THE REPUBLIC OF UGANDA
IN THE HIGH COURT OF UGANDA AT KAMPALA
CIVIL APPEAL NO. 35 OF 2007
(Arising out of Mengo Civil Suit No. 536 of 2003)
YUSUF MUKASA SUNDAY :::::::::::::::::::::::::::::::: APPELLANT
HAJJATI MARIAM NABUKENYA ::::::::::::::::::RESPONDENT
BEFORE: THE HON JUSTICE V.F. MUSOKE-KIBUUKA
The appellant was the defendant in civil suit No. 536 of 2003. The suit was filed in the Magistrate’s court of Mengo in which the respondent’s claim against the appellant was for general and special damages and exemplary damages for defamation and a permanent injunction restraining the defendant from making further defamatory statements against the respondent.

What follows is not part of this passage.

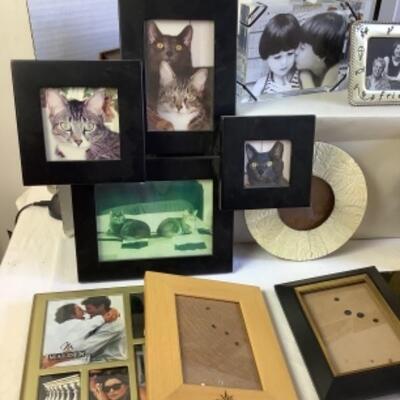 G - 884. Lot of Picture frames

The suit was heard by a Grade 1 Magistrate who finally decided it in favour of the respondent. This appeal is against the judgment and decree of her Worship Immaculate Busingye the Gr. 1 Magistrate of the Chief Magistrate’s Court Mengo delivered on the 13th September 2007 in favour of the respondent.
When the appeal was called for hearing, the respondent raised a preliminary objection on a point of law. It was that the appeal was bad in law in that it offended the mandatory provisions of the law. Counsel submitted that such an appeal was governed by the provision of section 220 (1) of the Magistrate’s Court Act, Cap. 16, which reads as follows:-
“ Subject to the provisions of any written law, and save as provided in this section, an appeal shall lie;
- from the decrees or any part of the decrees and from the orders of a Chief Magistrate’s court presided over by a Chief Magistrate or a Magistrate Grade one in the exercise of its original Civil jurisdiction to the High Court.”
In the instant appeal, there was an extracted decree but the date which it bore did not correspond with the date of the judgment. A decree is a formal adjudication of judgment as pronounced by Magistrate. Learned counsel, for the respondent prayed that the purported appeal was incurable for that material deviation and should therefore be struck out, because according to learned counsel, no decree was in existence.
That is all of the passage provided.